Lost, are you? Terrified, even? Even Stephen King or Stanley Kubrick couldn't come up with something that frightening or mind-boggling.
And add this to the mix: In trying to have it both ways with a veto of the law that gave tax breaks to green builders and an executive order designed to override his own veto for three months, Gov. Jim Gibbons created serious constitutional questions and (at least technically) violated his "no new taxes" pledge, if only ephemerally.
Ask any conservative you know, and he or she will tell you that if you take away a tax break, that's a tax increase. So if Gibbons' executive order suspends tax breaks implemented two years ago to all but four applicants, might the others who want them and believe they are entitled (there are more than two dozen in the pipeline) think their taxes have been raised?
Yes, the executive order lasts only three weeks , but it could be extended - and what is more likely is that a bill eventually will be signed by the governor that takes away some of the tax breaks (at least that's how the applicants will see it ) that would save them millions and cost the state an equal amount.
But I digress. And this is confusing enough already without trying to find syllogistic significance. Still, let me take one more wrong turn in the maze before searching for the exit:
This mess is further complicated by the governor requesting an opinion from the attorney general on how he should handle the repeal, partly so he could have political cover for whatever he did. Catherine Cortez Masto is a Democrat, which makes that political ploy even better.
But now that he has vetoed the measure, he is insisting on keeping the opinion confidential, so we have no way of knowing whether she actually advised him it was copacetic to sign it. And she can't talk about it either, saying Gibbons is the client and the privilege reposes with him.

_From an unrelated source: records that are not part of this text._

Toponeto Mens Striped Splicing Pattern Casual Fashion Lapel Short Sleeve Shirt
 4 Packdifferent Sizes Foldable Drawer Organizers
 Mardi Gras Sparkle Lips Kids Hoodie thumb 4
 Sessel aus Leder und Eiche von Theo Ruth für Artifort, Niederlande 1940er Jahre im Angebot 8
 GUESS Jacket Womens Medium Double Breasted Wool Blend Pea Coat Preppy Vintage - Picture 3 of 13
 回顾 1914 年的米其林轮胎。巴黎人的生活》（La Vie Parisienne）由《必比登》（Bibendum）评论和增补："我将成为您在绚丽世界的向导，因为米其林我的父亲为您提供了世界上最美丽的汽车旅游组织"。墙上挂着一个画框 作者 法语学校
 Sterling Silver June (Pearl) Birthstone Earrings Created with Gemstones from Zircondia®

Getting dizzy yet?
We also don't know whether Cortez Masto advised Gibbons that it was fine to issue an executive order that lasts until June 4, when the Legislature is slated to adjourn, that stays a statute passed in 2005. This order essentially says regulators who are mandated by law to take applications cannot take applications, which opens an entirely new avenue to get lost on in this political jungle.
How can a governor possibly use an executive order to supersede a law? He can't, of course. And I would almost guarantee that Cortez Masto, unencumbered by attorney-client privilege, would say so. Think of the Pandora's box that would open: A governor who did not like a law would not have to veto it and risk an override; he could simply issue an executive order staying it.
In the order, Gibbons, who is a lawyer, quoted the Nevada Constitution, Article 5, Section 1, to justify his ability to do what he has done: "The supreme executive power of this State shall be vested in a Chief Magistrate who shall be the Governor of the State of Nevada."
Yes, supreme executive power. But the Constitution does not make him the Supreme Being.
As lost as we may be in this tangled thicket, surely this is obvious to anyone. (The governor's office believes the order is legal because of the finite time limit and the imperative to create order out of the chaos. But although they may remove some trees that needed to be felled in this specific case, the forest of future orders remains standing.)
So where are we now?
Until we find out what lawmakers plan to do next and whether Gibbons will approve of the bill they write, it's probably best to stand still for a while. You never know, in the legislative labyrinth, what might be around the next corner.